Dunne eager to enforce synthetic cannabis ban

By Roger Moroney


Associate Health Minister Peter Dunne conceded that the latest move to declare two substances used in K2 illegal was something of a cat and mouse game for authorities, as others were brought into use.

"[That's] until we can deliver the killer punch in August when the Psychoactive Substances Bill will become law."

But the latest moves were a solid start, Mr Dunne said.

Last Tuesday Mr Dunne announced a Temporary Class Drug Notice banning the two substances found in tested samples of the synthetic cannabis. The ban comes into effect on Thursday and brings to 35 the number of substances banned under temporary notices - more than 50 products containing those substances are now off the market.

Submissions on the planned legislation closed on Wednesday and the Health Select Committee is due to report the Bill back to Parliament in mid-June.
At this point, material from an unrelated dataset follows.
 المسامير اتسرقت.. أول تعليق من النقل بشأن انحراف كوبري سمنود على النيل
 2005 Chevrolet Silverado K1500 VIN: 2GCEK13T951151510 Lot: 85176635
"What this ban will do in the meantime is force more of the K2 product off the shelves and that is the best outcome we can have at this point with a product that is clearly bad for people."
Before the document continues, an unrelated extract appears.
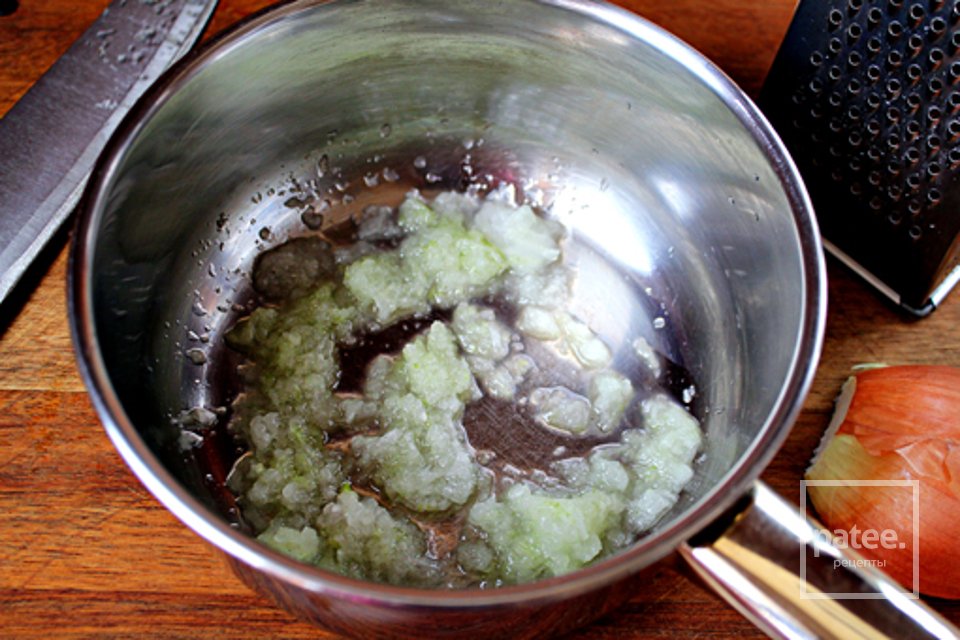 Курочка под томатным соусом и пармезаном - Шаг 1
Mr Dunne said the industry and the outlets that sold it had "no integrity whatsoever".

"There is no goodwill and there is no decency in this industry, and that is why we are legislating. They prove day-in and day-out that they cannot be trusted.

"Again, we are hitting some of the K2 product because it appears to be at the forefront of harm to young people. We have tested the products and we will test more, but I am counting the weeks until the law that will reverse the onus of proof on safety comes in."

The two K2 substances being banned are BB-22 and 5F-AKB48, and from next Thursday it will be illegal to import, manufacture, sell or supply the substances, with penalties of up to 8 years imprisonment.

"The Health Ministry considers that these particular substances pose a risk at least comparable to other already banned synthetic cannabis substances, therefore I have made the decision that it needs to be banned," Mr Dunne said.

He endorsed police enforcement of the bans and also encouraged community pressure on dairies and other outlets that sold the products.

"We need to apply pressure from all ends on a dirty industry until we can get our world-leading legislation in place."